Örneğin Asu Maro, Don Juan'daki oyuncu değişikliklerini sormuş. "Sema Çeyrekbaşı'nın rolü Suna Keskin’e verildi. Benim gittiğim gün ise, onun yerini Gülen Karaman almıştı, ne oldu?" dediğinde siz, "Olmayan oyuncularla ayrıldık. Hani bazı ilişkiler vardır olmaz… Don Juan da, bir tane ve hiçbir şeye feda edilemez. Birinin beceriksizliğine feda edilemez.

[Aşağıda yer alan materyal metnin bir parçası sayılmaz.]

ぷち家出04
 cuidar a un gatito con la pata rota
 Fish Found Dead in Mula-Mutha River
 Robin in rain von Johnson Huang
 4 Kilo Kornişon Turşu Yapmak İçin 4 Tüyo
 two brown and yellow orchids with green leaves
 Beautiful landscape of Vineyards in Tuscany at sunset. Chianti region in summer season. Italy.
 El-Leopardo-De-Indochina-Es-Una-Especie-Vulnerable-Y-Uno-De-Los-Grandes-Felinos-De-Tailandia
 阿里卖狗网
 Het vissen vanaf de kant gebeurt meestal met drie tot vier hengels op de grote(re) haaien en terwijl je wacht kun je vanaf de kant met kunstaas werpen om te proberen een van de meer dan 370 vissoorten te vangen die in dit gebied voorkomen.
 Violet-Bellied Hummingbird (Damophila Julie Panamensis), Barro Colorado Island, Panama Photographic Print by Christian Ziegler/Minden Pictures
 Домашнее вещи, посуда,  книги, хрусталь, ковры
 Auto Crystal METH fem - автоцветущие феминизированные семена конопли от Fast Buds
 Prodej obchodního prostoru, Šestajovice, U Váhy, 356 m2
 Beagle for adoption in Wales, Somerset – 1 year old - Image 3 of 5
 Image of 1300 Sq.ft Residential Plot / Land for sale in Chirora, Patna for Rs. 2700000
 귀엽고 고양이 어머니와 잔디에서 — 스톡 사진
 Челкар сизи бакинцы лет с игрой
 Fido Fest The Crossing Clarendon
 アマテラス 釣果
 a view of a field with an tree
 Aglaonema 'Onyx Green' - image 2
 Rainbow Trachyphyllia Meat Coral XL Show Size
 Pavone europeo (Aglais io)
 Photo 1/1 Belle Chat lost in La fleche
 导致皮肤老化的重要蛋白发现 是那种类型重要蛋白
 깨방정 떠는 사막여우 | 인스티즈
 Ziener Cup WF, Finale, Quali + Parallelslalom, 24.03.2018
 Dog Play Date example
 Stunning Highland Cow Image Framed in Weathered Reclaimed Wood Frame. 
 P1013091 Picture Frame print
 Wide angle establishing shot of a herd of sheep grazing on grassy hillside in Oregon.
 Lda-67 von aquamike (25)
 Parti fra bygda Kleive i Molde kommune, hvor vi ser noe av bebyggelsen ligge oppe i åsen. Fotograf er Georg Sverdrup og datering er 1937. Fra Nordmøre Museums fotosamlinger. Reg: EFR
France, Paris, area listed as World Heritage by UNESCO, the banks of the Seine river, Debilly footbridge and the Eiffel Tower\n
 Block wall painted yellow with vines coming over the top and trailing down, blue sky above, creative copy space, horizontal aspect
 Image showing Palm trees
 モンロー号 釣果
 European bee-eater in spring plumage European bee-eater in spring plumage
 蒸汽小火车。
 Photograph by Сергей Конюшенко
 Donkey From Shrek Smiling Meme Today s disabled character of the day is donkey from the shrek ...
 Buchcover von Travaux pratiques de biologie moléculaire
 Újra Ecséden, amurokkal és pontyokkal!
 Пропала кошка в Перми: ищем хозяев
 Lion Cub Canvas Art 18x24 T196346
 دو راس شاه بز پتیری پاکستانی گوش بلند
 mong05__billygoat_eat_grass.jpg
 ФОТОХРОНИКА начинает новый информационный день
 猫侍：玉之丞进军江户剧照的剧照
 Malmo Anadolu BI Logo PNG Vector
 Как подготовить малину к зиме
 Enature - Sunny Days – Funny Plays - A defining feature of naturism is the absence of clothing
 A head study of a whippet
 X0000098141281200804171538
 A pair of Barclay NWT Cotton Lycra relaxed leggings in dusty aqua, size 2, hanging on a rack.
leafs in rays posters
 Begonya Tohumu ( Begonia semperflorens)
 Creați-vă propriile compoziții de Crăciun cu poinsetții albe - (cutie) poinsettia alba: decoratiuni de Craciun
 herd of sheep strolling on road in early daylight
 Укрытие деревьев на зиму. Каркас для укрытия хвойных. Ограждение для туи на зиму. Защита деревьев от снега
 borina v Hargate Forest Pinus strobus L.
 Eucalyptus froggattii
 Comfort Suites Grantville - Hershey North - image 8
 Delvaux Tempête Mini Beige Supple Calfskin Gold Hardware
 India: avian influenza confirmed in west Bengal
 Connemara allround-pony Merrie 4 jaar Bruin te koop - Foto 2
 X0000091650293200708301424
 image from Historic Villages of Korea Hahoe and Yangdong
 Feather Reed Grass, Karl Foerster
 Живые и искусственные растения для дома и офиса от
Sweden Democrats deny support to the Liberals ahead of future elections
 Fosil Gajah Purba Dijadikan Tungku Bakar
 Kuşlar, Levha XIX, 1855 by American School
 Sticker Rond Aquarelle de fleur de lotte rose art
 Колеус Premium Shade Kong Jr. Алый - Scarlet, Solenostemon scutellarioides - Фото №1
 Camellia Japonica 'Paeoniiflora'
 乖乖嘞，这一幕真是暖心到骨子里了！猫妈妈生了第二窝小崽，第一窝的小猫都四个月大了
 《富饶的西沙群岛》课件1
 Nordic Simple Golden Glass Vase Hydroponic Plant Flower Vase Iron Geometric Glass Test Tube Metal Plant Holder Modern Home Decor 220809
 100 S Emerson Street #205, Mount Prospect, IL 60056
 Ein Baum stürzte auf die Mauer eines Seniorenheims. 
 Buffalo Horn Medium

Onun için beceremeyen gider, becerebilen gelir" demişsiniz. Sema Çeyrekbaşı ve Suna Keskin gibi, tiyatromuzun saygıyı hak eden oyuncularını, bir kalemde karalamışsınız. Size yakıştı mı?
"Çünkü ben, gerçekten kötü oyunda fiziksel acı çekiyorum. Bu ayıptır. Ben yuhalayarak (oyundan) çıkmak istiyorum" demişsiniz. Ben de, sizin oyunlarınızda aynı duyguya kapılıyorum bazen. En son bu duyguya kapıldığım oyun Testosteron'da, oyun sonu oyuncuların emeğini alkışladığımı belirttiğim ve de oyun hakkında düşüncelerimi yazdığım için, camianızdan yemediğim küfür, hakaret kalmadı; mahkemeye verilmekle tehdit edildim. O oyundan önce de, tiyatronuza yazdığım mektuplara KA'dan (LİNÇÇİ Kemal Aydoğan) aldığım cevaplar, hep küçümseme tavrı içinde idi. O da, sizden öğrenmiş olacak ki; "bilgisayar başından değil, salondan eleştir bizi. Domatesleri, yumurtaları ben hazırlarım" demiş olmasına rağmen, salona domates ve yumurta koyamadı. Yani kendinizde bulduğunuz "yuh" hakkını, düşüncelerini yazarak ya da salonda oyuncuların gözlerine bakarak kullanmak istediğinde, seyircinize vermiyor, aynı tahammülü gösteremiyorsunuz. "Size" yakışıyor mu?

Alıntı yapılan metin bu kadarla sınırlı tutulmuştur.